If you’ve read Penny Arcade for a long time (and I mean read, not the comic itself), you’ll probably noticed the idiosyncratic style of Tycho (aka Jerry Holkins). I’m not sure I would call it a good writing per se, but he has a unique way with words thats hard to resists. He’s probably one of the few bloggers I not merely come back to for the content, but the actual delivery. Yeah, I like the comic too, but the writing is what sells it to me.
But even after years of reading his posts, I would have never thought that it could translate into a game that, despite all the various deviations and the excessive wordiness of the scripts and with the Gabe and Tycho personas at its core, carries not only a sort of coherent but even enjoyable and compelling story. Sure, the game is mostly your typical jRPG in terms of gameplay mechanics, which means is even less interactive than a play your own adventure book, but in this case this is actually a win.
Story is king here, if you happen to like completely deranged fantasy where one of the main characters is part of a legacy that regularly kills gods, plans to destroy the current universe and clears a sub-dimension of all god-seeds to not let them create the next universe.

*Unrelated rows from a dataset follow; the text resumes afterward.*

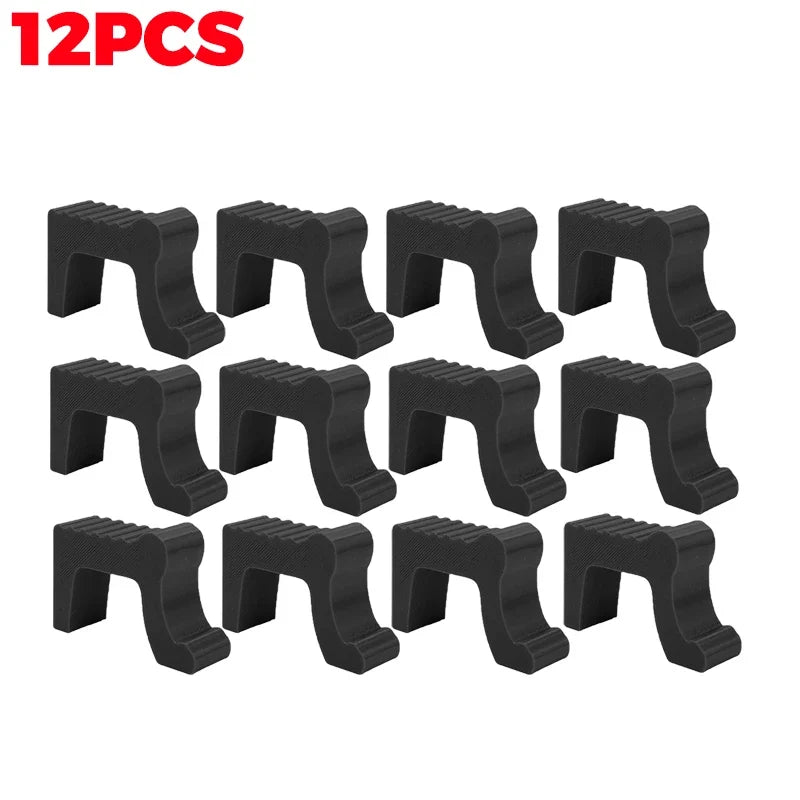 Printed Flower Pot Feet for Indoor and Outdoor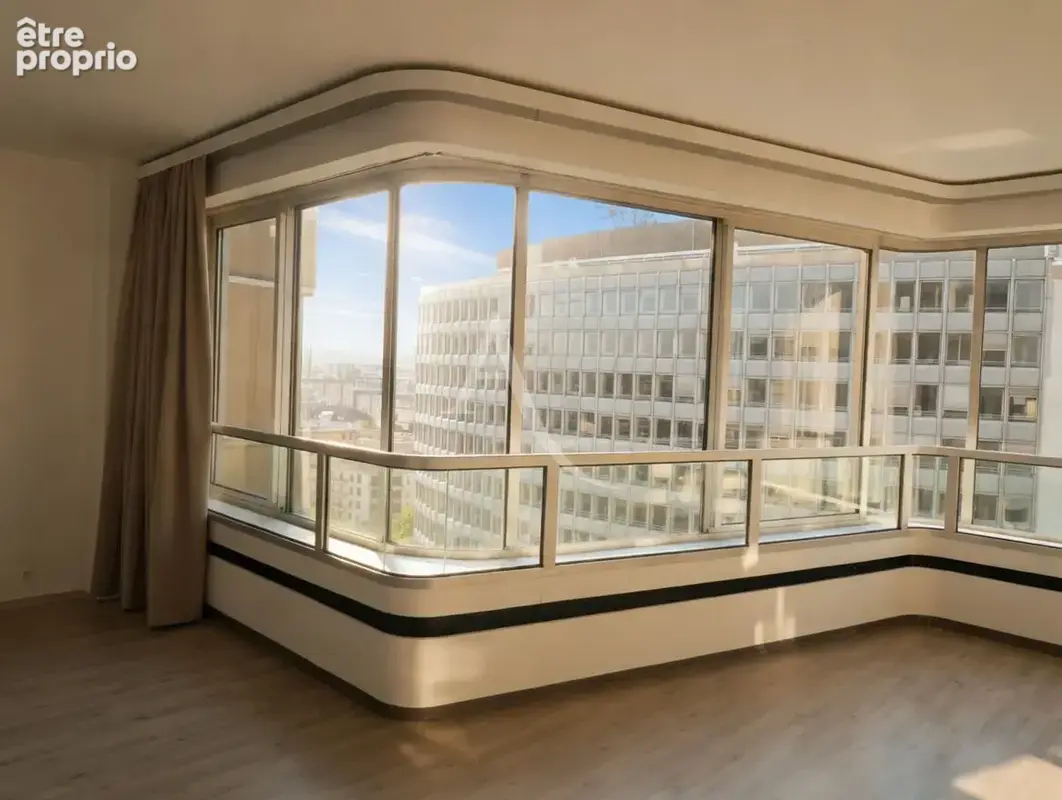 Appartement PARIS 15ème - 1 pièce - 37,19 m² - photo 3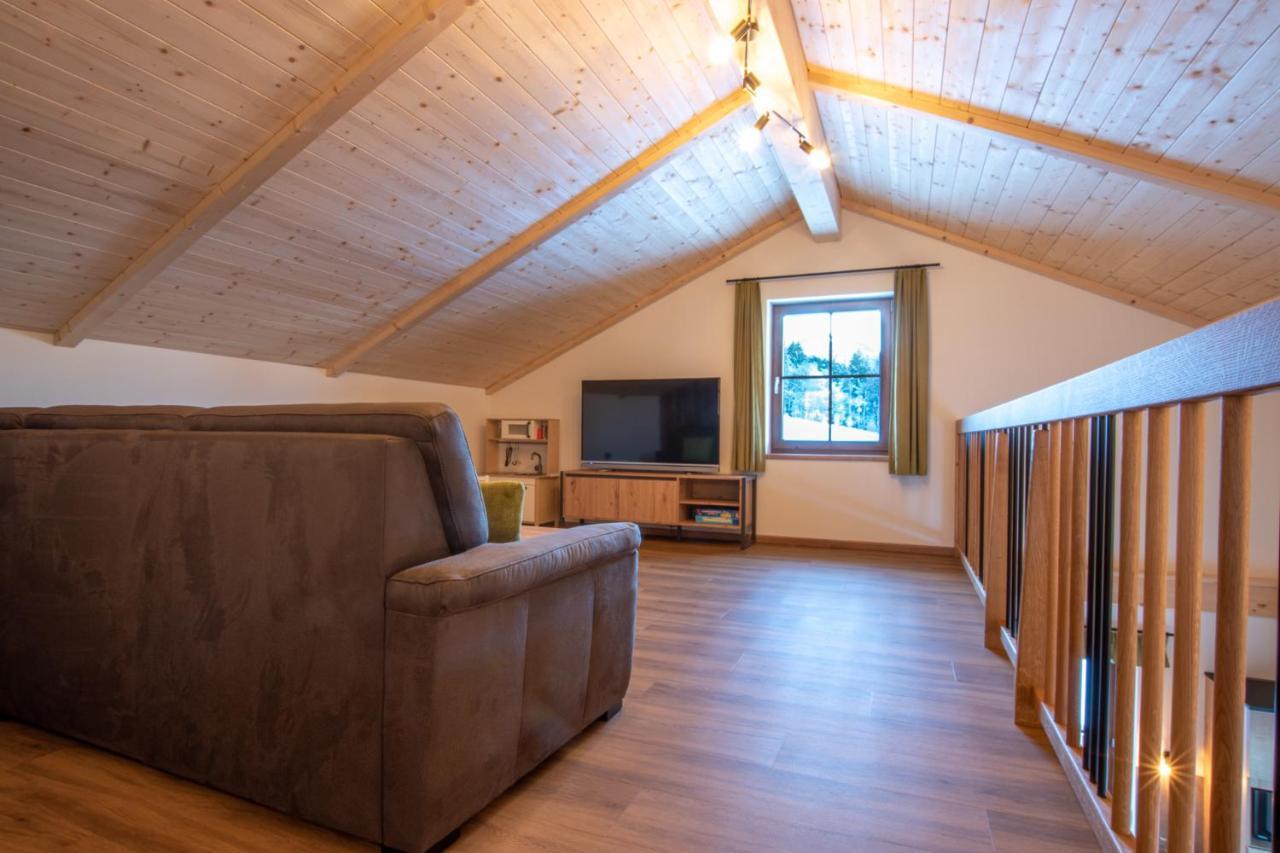 Chalets Und Apartments Hauserhof Nassfeld シュラニツェン エクステリア 写真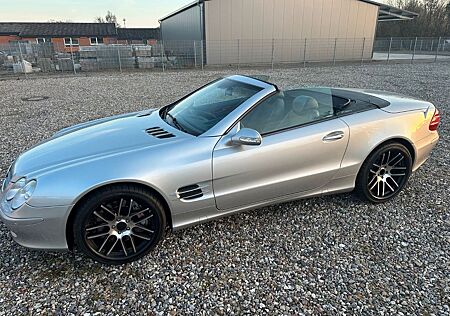 Mercedes-Benz SL 500 - SUPERDEAL ABC-BOSE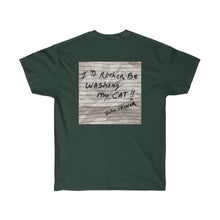 Load image into Gallery viewer, Copy of Unisex Ultra Cotton Tee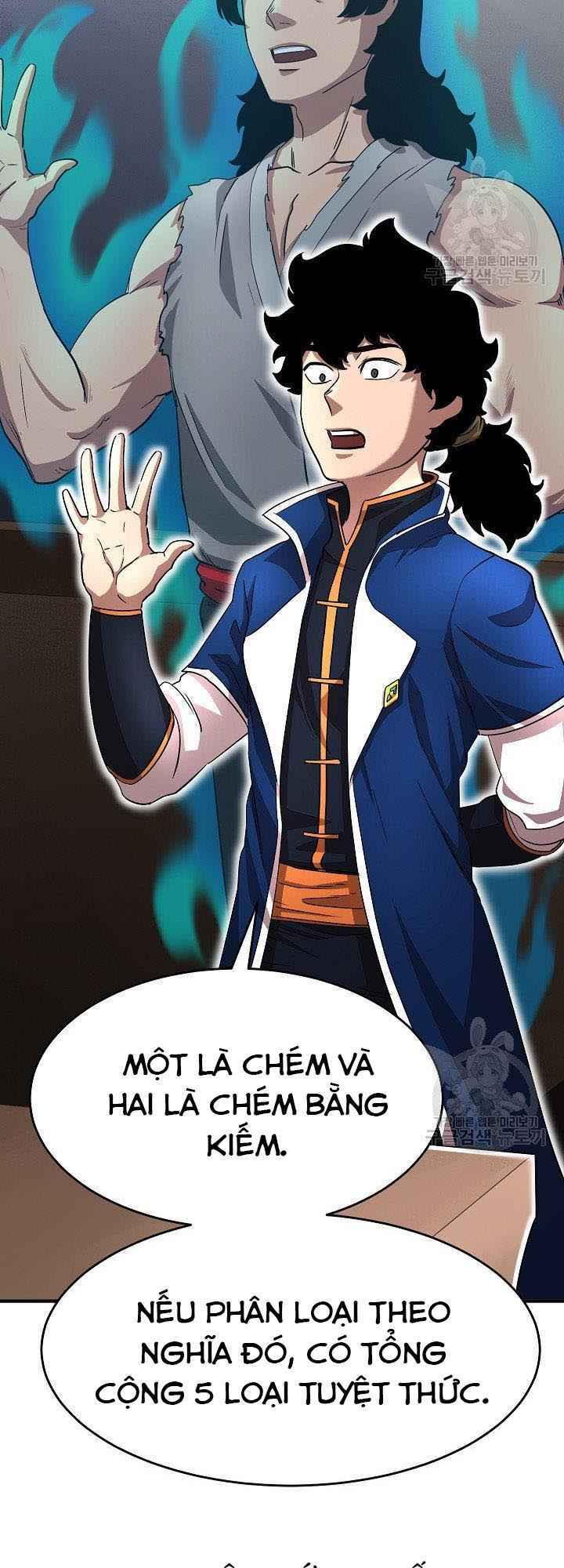 Thiên Ma Tiêu Diệt Lich King Của Murim Chap 10 - Next Chap 11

The other one is a deranged imbecile and then there’s the head in a bottle. I’m really not making this up.
The plot and the entire setting uses allusions to pop memes and various genre tropes to create a persiflage that becomes its own thing fast and while you can’t take it all seriously, neither is it really a joke. I’m not saying it’s for everyone, hell, Tycho’s style is an acquired taste after all, but if you run with it, you’ll get a pretty unique experience no other game will offer.
And while the game is mostly a vehicle for Tycho’s writing, Zeboyd Games has thrown in a few mechanics that make it worth your while if you happen to like old-school SNES jRPGs but can’t stand random battles or the xth fight again generic fantasy creatures. The game has no random battles (thank god every battle is hand-placed), has an ingenious magic system that avoids that you rarely use magic (each turn you get some mana), offers plenty of weird enemies that makes EarthBound look mundane and even throws in a Dragon Quest look-alike sequence (though the battles look more like early Final Fantasy).
The only thing I found annoying was that the game ended on a sort of cliffhanger, but hopefully we don’t have to wait four more years to see the entire series to its conclusion.